We saw multiple neighbors running towards a big building of soldiers' barracks nearby. We quickly parked, jumped out of the van, and joined them as a soldier waved us into the concrete room on the first floor. The first thing the kids noticed was that the multiple families in the room all had their dogs with them. We did not. All 3 of our children begged us to go back and get our dogs. Of course, we could not. There was no time. Our 15 minutes until impact was quickly expiring. Any second now we would hear and feel the blast. Upon entering the room, I became teary eyed as the seriousness of the situation hit me, and I realized this might be real afterall. The mood was somber, but all I could say was, "This can't be real. This can't be real."

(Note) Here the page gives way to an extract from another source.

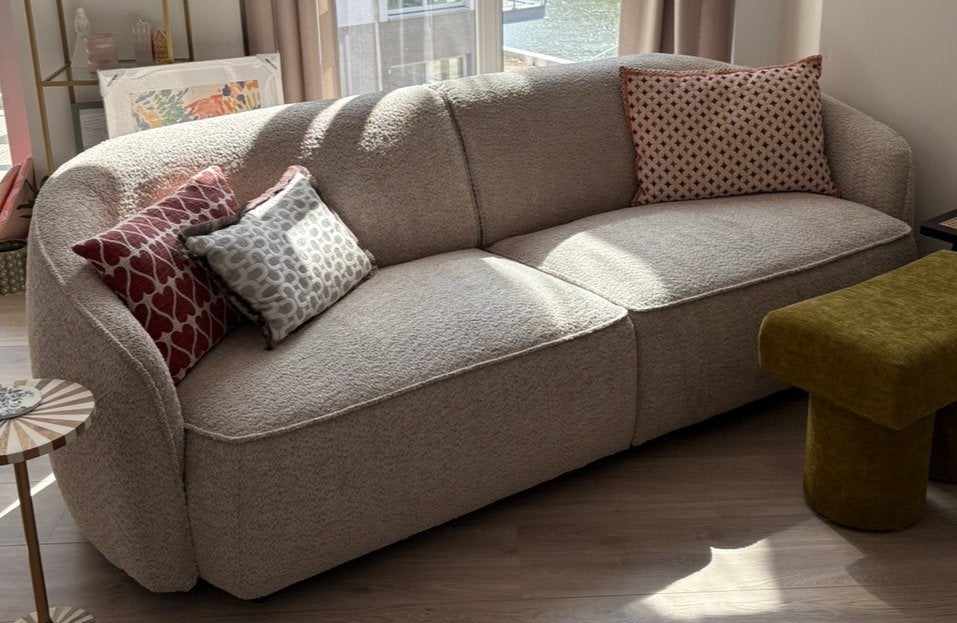 Fonq Chubby 3-zitsbank in bouclé stof, Ophalen, Driepersoons, 75 tot 100 cm, Zo goed als nieuw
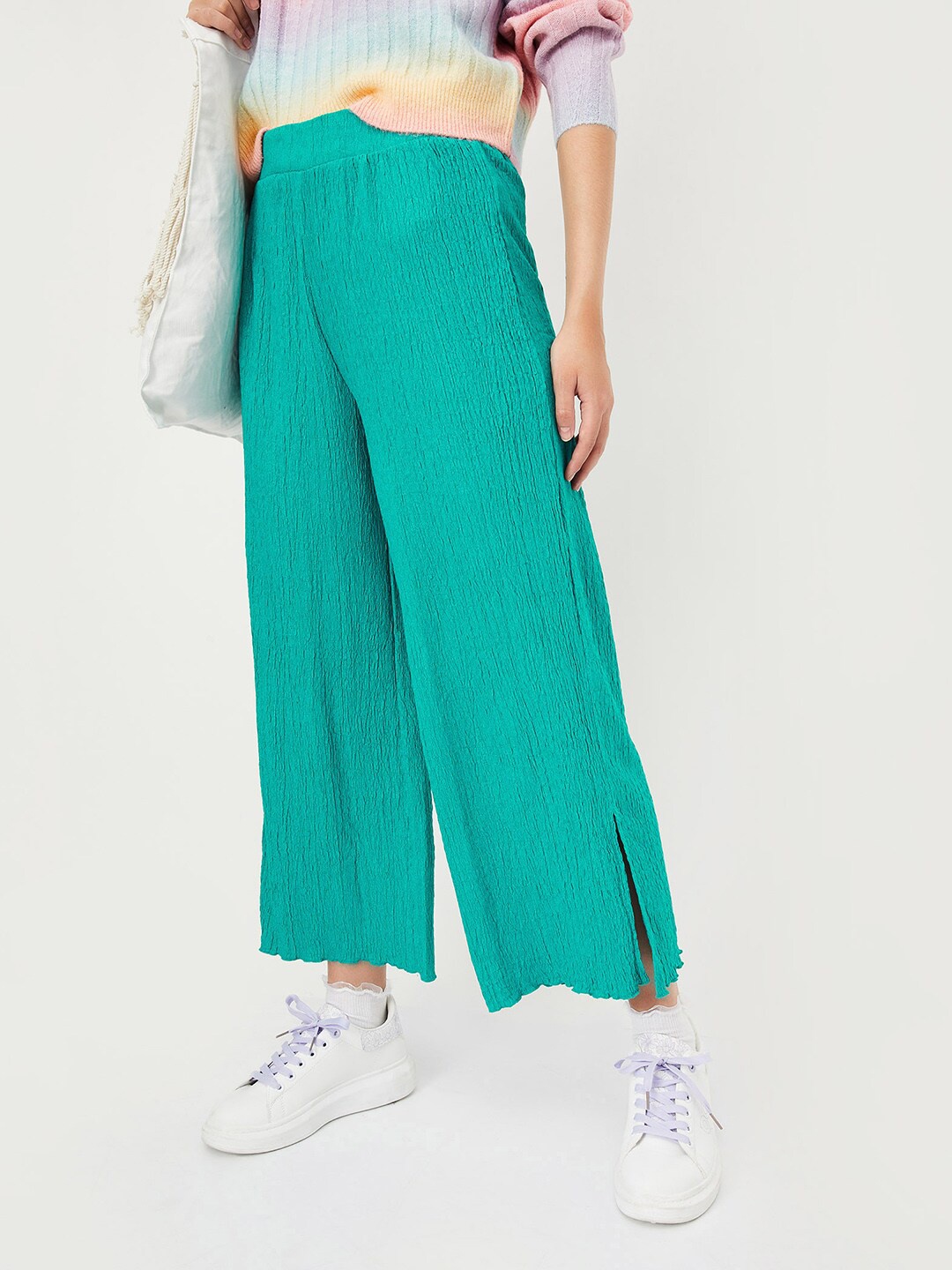 

max Self Design Wide Leg Palazzos, Blue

I saw a soldier filling a huge jug full of water. Prepared families had backpacks full of emergency supplies. We did not. My kids kept reminding me that we left our dogs behind. My conscience was filling with guilt and worry. As the minutes crept by, people were quiet. The women and children were in their pajamas. People held their dogs tight so that the dogs did not get out of control with each other. The younger children played innocently with the few toys they brought, clueless to what was happening. Older children wore the worry on their faces. The men, all active duty soldiers, answered their phones that were ringing off the hook from their commanders and fellow soldiers. The women were very quiet, waiting for what was to come. Every minute was an eternity, not knowing how long we would be in there and what the world would look like whenever, if ever, we were able to leave...
Then suddenly, to everyone's relief, one of the men announced, "False alarm, Guys! False alarm. There is no missile!" The tension in the room suddenly dissipated as if someone had popped our balloon of stress. We filed out of the concrete makeshift "safe room" and all went home. We went on with our normally scheduled day as if nothing had ever happened, but something did. The reality of it all never left our minds. Everyone who experienced the "missile that never was" carried the worry for the rest of the day or longer. We can't get it off our minds. It's still there. It was stressful. It was surreal. It left us feeling helpless. But it left us with something else as well... the desire to be more prepared. I hope we never have to experience anything close to that again. But if we do, you better believe we will have flashlights, food, water, first aid kits, and a good idea of where to go at the ready. "The missile that never was" was actually a huge wakeup call, and I am listening.